I've had good results with it. It's basically a smarter rsync, which maybe is what you want. There is a listing comparing file syncing tools here.


Sounds like a job for BitTorrent.

For each new file at each site, create a bittorrent seed file and put it into centralized web-accessible dir.

Each site then downloads (via bittorrent) all files. This will gen you bandwidth sharing and automatic local copy reuse.

Actual recipe will depend on your need.For example, you can create 1 bittorrent seed for each file on each host, and set modification time of the seed file to be the same as the modification time of the file itself. Since you'll be doing it daily (hourly?) it's better to use something like "make" to (re-)create seed files only for new or updated files.

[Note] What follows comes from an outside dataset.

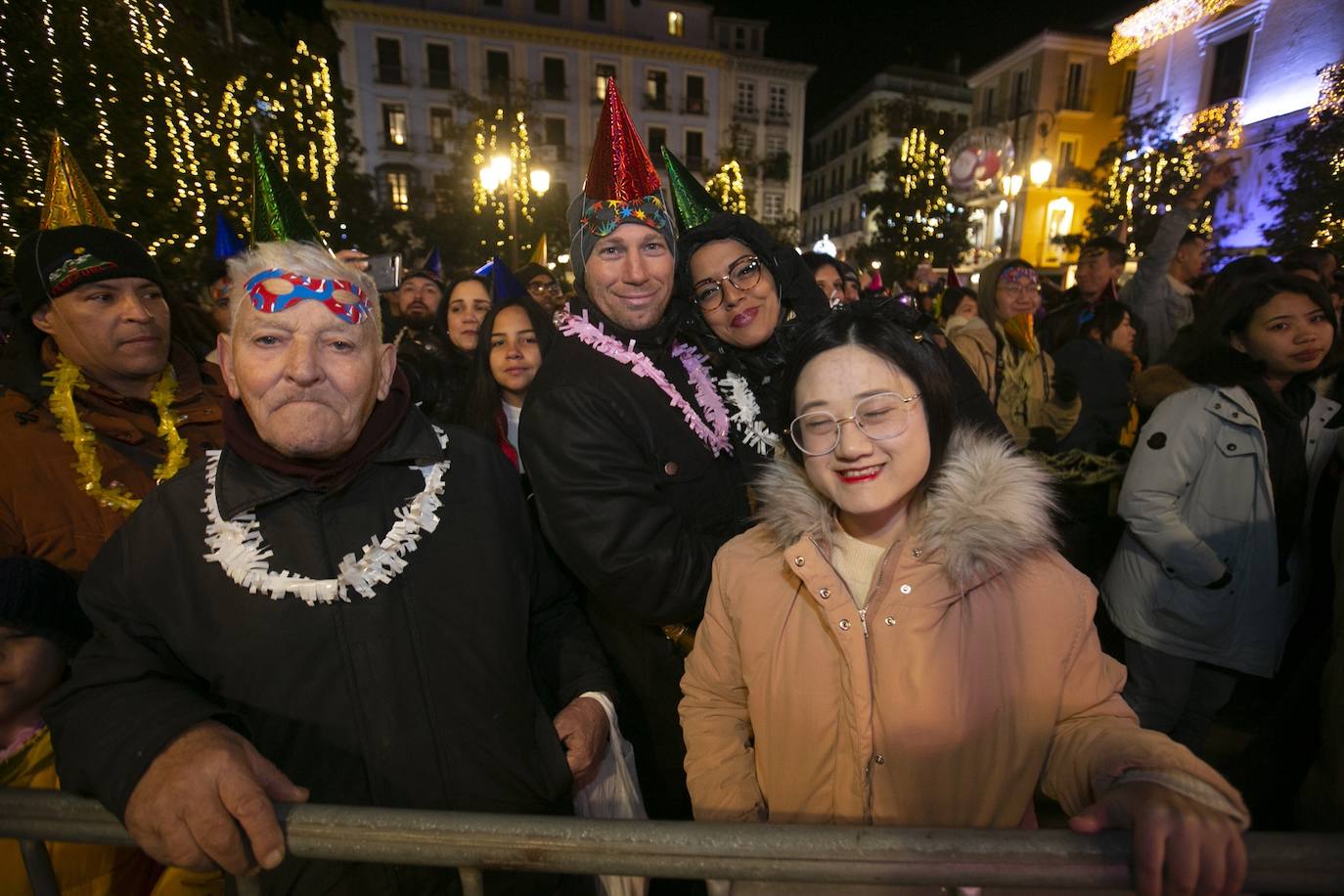 Miles de personas dsifrutaron de la Nochevieja en la capital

Then you copy all seed files from all hosts to the centralized location ("tracker dir") with option "overwrite only if newer". This gets you a set of torrent seeds for all newest copies of all files.

Then each host downloads all seed files (again, with "overwrite if newer setting") and starts bittorrent download on all of them. This will download/redownload all the new/updated files.

Rince and repeat, daily.

BTW, there will be no "downloading from itself", as you said in the comment. If file is already present on the local host, its checksum will be verified, and no downloading will take place.


How about something along the lines of Red Hat's Global Filesystem, so that the whole structure is split across every site onto multiple devices, rather than having it all replicated at each location?

Or perhaps a commercial network storage system such as from LeftHand Networks (disclaimer - I have no idea on cost, and haven't used them).